GithubHelp home page GithubHelp logo

connectin's Introduction

ConnectIn project

About

ConnectIN is a CIRA CIP funded program that evaluates the internet connectivity of First Nation communities in western Canada, and led by representatives from the Manitoba First Nations Education Resource Centre, the First Nations Technology Council, and the First Nations Technical Services Advisory Group. Additional support is provided by Cybera and the University of Alberta.

For more information visit here.

Set up

Follow these instructions to set-up the data analysis tools for the project.
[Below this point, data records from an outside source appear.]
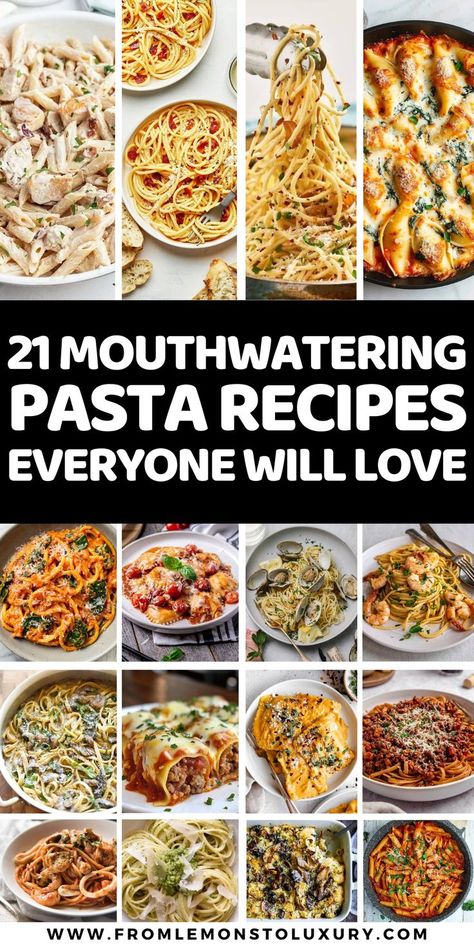 pasta recipes Pasta Comfort Food Recipes, Main Dish Pasta Recipes, Easy Family Pasta Dinner Ideas, Homemade Pasta Flavored, Good Sides For Pasta Dinners, Pasta Recipes With Fettuccine Noodles, Fancy Pasta Recipes For Dinner, Italian Pasta Recipes With Chicken, Easy Pasta Dishes Vegetarian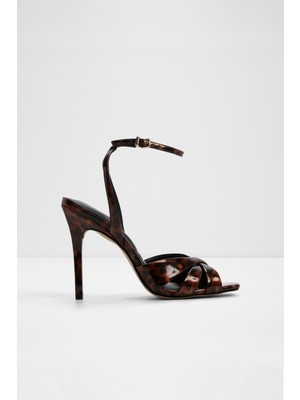 Aldo Meteora Sandalet Yüksek Topuklu Sandalet Abiye Sandalet - Kahverengi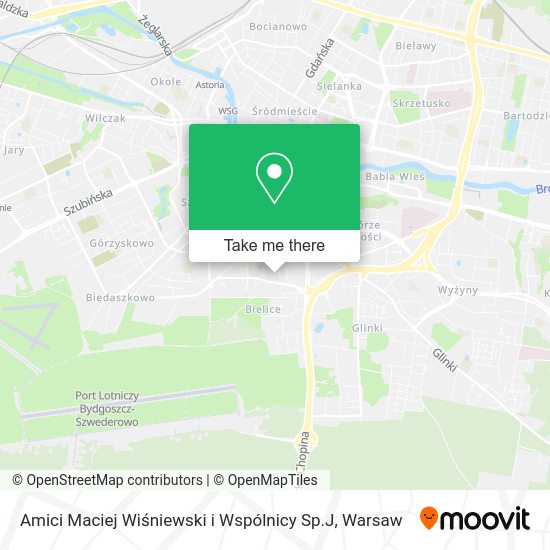 Amici Maciej Wiśniewski i Wspólnicy Sp.J map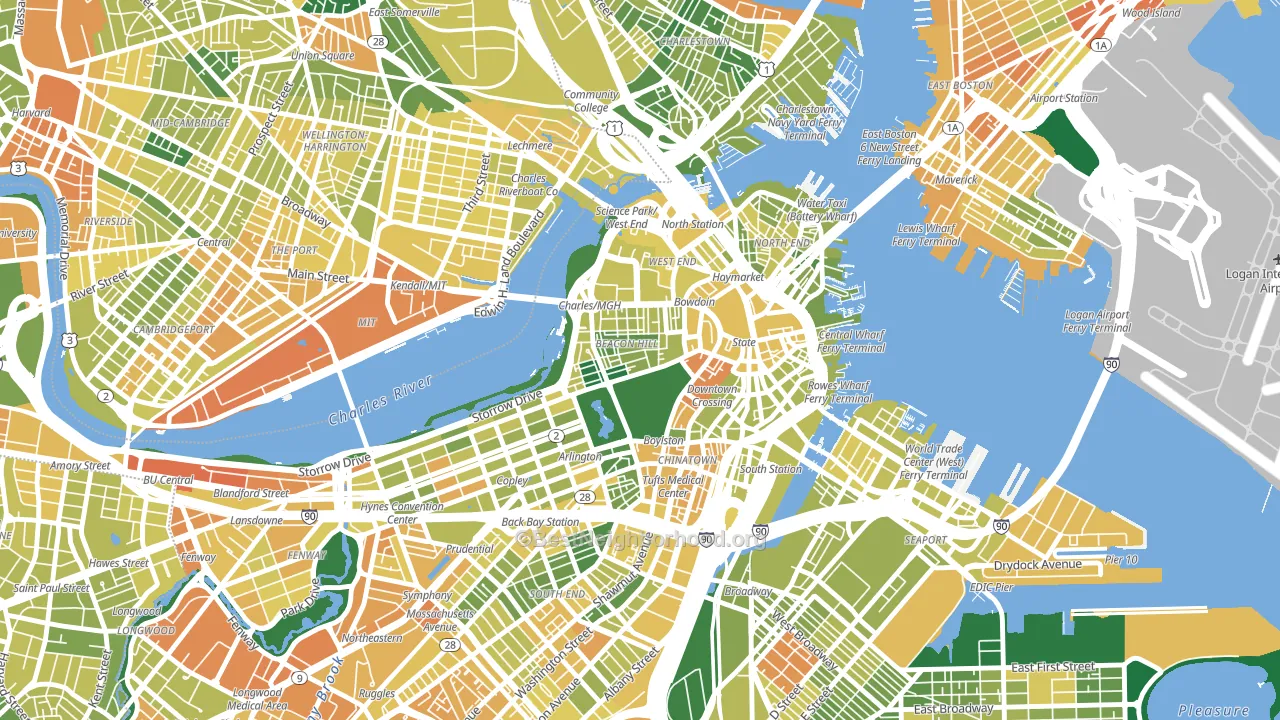 02108, MA block-group voter-turnout map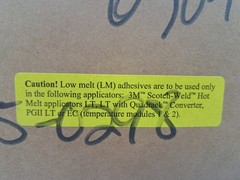 3M Hot Melt Adhesive 3762LM Q, 3762LMQ 3762 LM Light Amber, 5/8 in x 8 in, 11 lb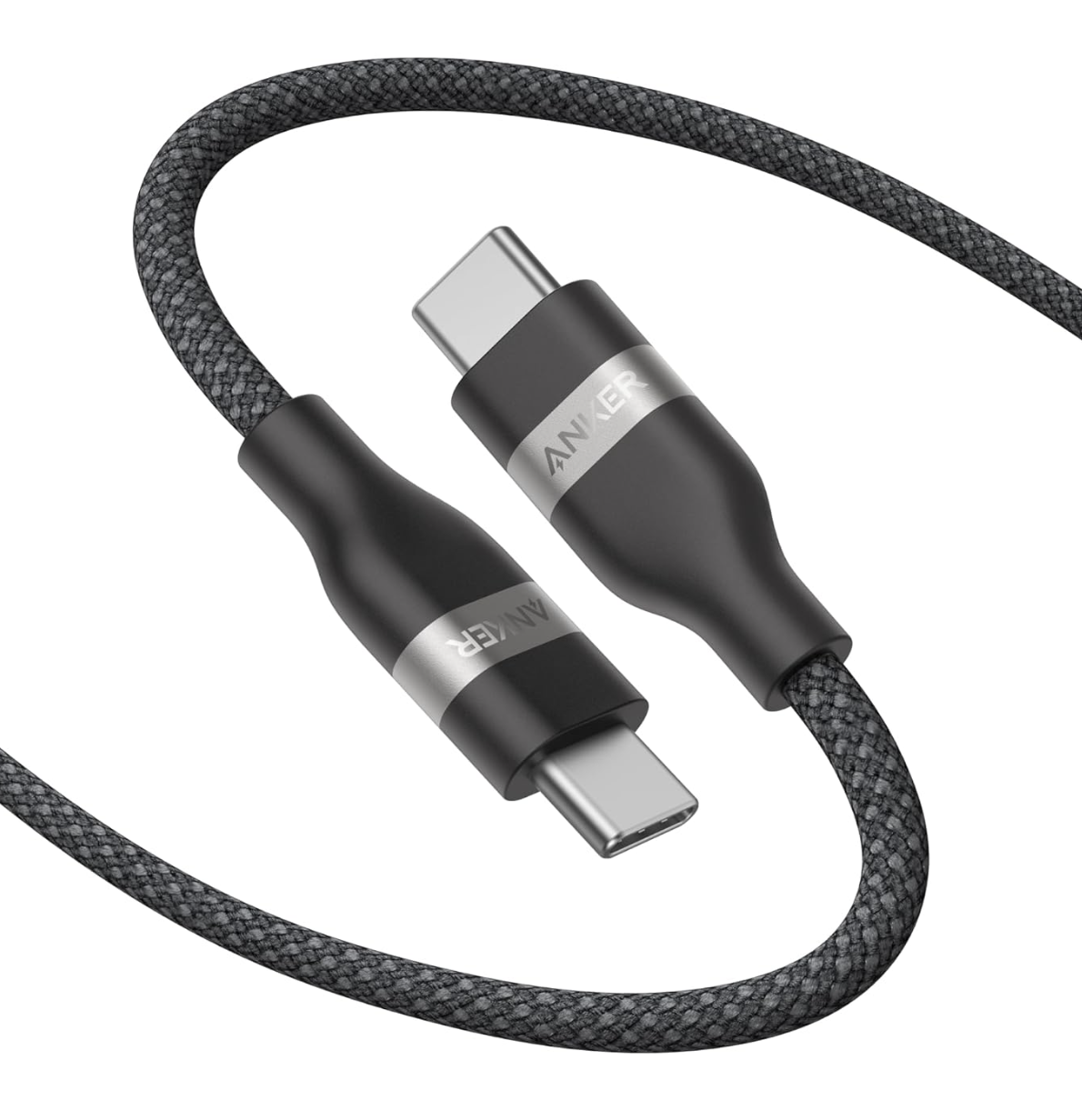 Кабель Anker Nano USB-C Cable 240W 1,8 м Flexible Braided Cord Fast Charging Black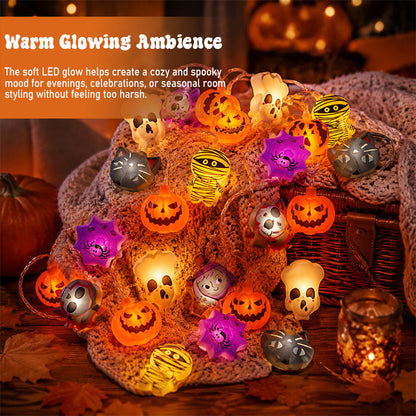 🎃 Halloween LED Pumpkin String Lights – Create A Spooky Glow For Your Home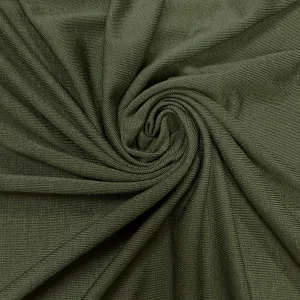 Leaf Green Solid Rayon Spandex Jersey Knit Fabric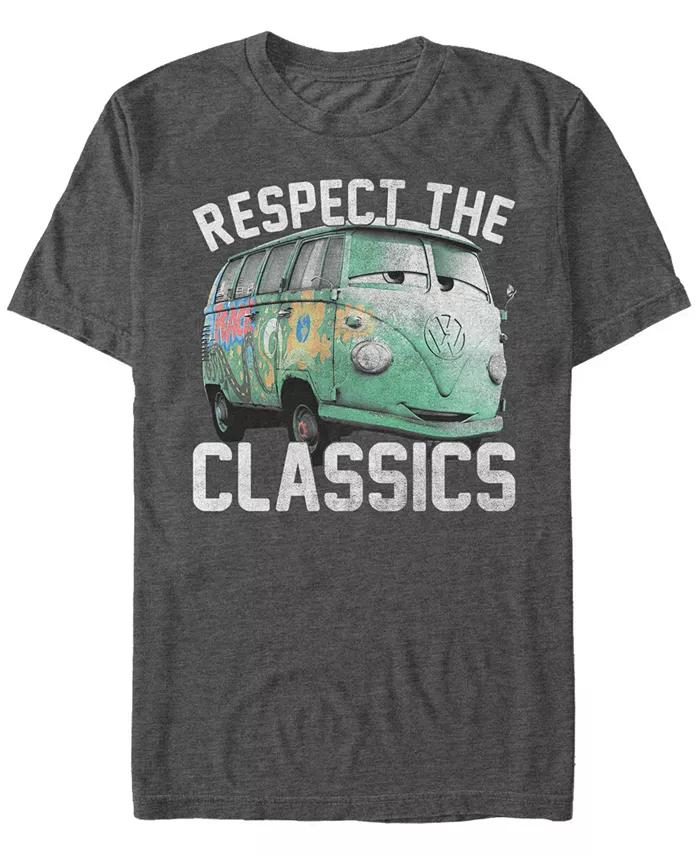 

Футболка с коротким рукавом Disney Pixar Cars Fillmore Respect The Classics для мужчин Fifth Sun, серый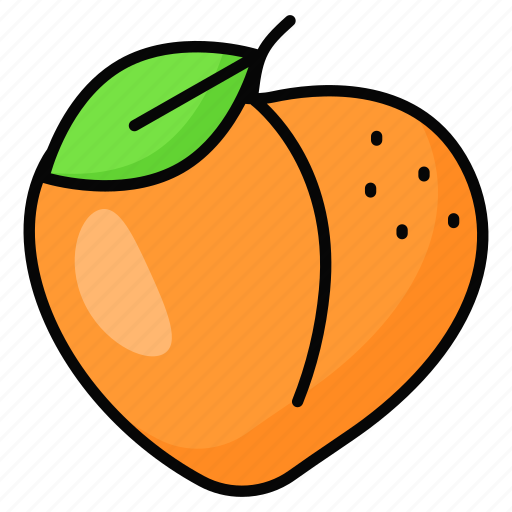 Peach, food, fruit, healthy, diet, organic, nutrition icon - Download on Iconfinder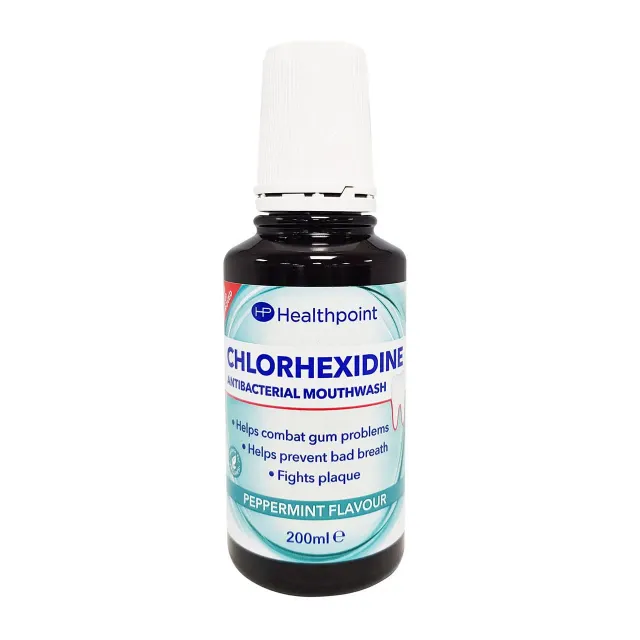 Healthpoint Klorheksidin munnskyll 200 ml peppermynte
It assumes that devices are already set-up, collecting data and saving it to MS SQL database.

Credentials

Copy creds.env.example to creds.env:

cp creds.env.example creds.env

Update creds.env with your MS SQL host ip address, database name, user and password:

MSSQL_HOST=
MSSQL_DATABASE=
MSSQL_USER=
MSSQL_PASSWORD=

In creds.env also update the following from default values:

INFLUXDB_ADMIN_PASSWORD INFLUXDB_READ_USER_PASSWORD DASH_PASSWORD

Docker

Run docker-compose up to create Docker containers that contain the following components:

  • Influxdb: a container for the timeseries database to store data locally. The database and two users will be created to write and read data.
  • Cronjobs: a container to run scripts every night to update influxdb with new data from MS SQL, and upload MS SQL tables as csv files into the "data" dir. (First scripts will run when the conatiner is built and then every day at 21:30 and 20:30 UTC).
  • Jupyter: a container to run the Jupyter notebook service that is accessible at http://localhost:8888/ with a token from the docker-compose output.
  • Dash: a container to run the Dash analytics dashboard that is accessible at http://localhost:8050/ and is updated with data within 5 mins after docker-compose has completed.

Notebooks

Jupyter notebook service is accessible at http://localhost:8888/ with a token (copy and paste) from the docker-compose output.

Interactive notebooks

Description of available data analysis notebooks:

  • Raw data, number of datapoints and monitoring intervals.ipynb - time series graphs of raw speedtest and iperf test data by device for the entire time period and trailing 6 months.
  • Aggregated data by year, month, day, hour.ipynb - graphs of aggregated speedtest and iperf test data (by month, year, hour, day of the week) by device for the entire time period and trailing 6 months.
  • Speedtest data by test server and service provider.ipynb - speedtest data analysis by test server and service provider by device for the entire time period and trailing 6 months.
  • Statistics and map.ipynb - summary statistics and map for speedtest and iperf data for the entire time period, trailing 6 months and last month by device and for all devices.

Original notebooks

Original analysis and data exploration in Jupyter notebooks as organized by stage of the project. A summary from each stage is included.

Location data

To be able to show devices on a map (on the dashboard and in some of the notebooks), the latitude and longitude coordinates of the devices should be saved in data_analysis/coordinates2.csv.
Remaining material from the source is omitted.